## DATASET SECTION:
*****

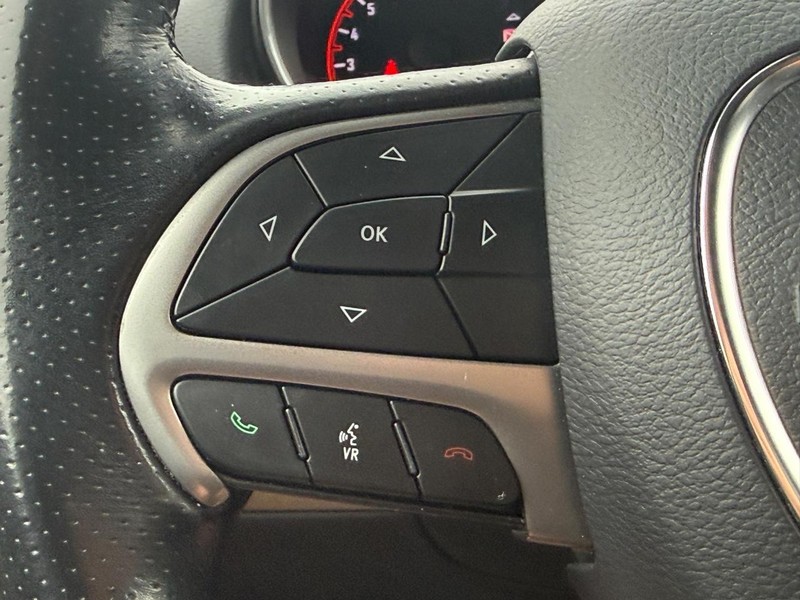 Dodge Durango Vehicle Full-screen Gallery Image 14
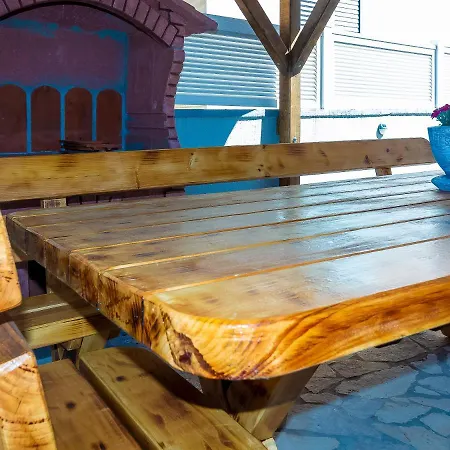 Luka Lucica Apartament *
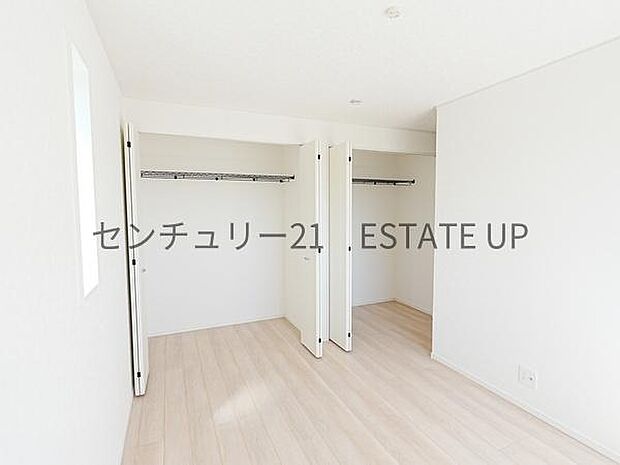 【洋室】収納もあるのでライフスタイルに合わせて、多目的にお使いいただけます。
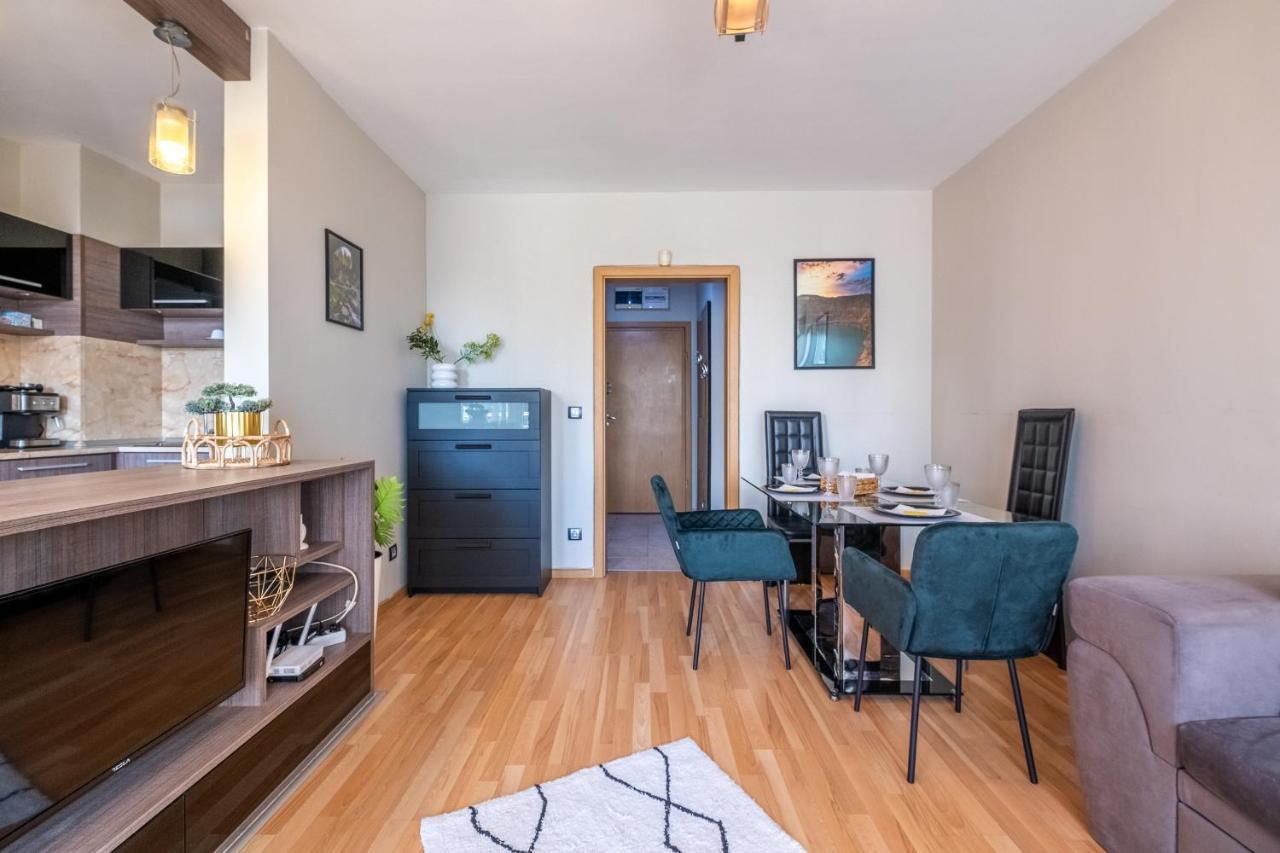 Deja Vu, Cozy & Quiet 1 Bdr Apt Fast Wi-Fi Sofia Bagian luar foto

*****

## WHAT YOU NEED TO DO:
Leave the pictures out. Output exactly, and only, the lines from the one with "Luka Lucica Apartament *" through the last line of the listing above, both included.

## ANSWER:
 Luka Lucica Apartament *
 【洋室】収納もあるのでライフスタイルに合わせて、多目的にお使いいただけます。
 Deja Vu, Cozy & Quiet 1 Bdr Apt Fast Wi-Fi Sofia Bagian luar foto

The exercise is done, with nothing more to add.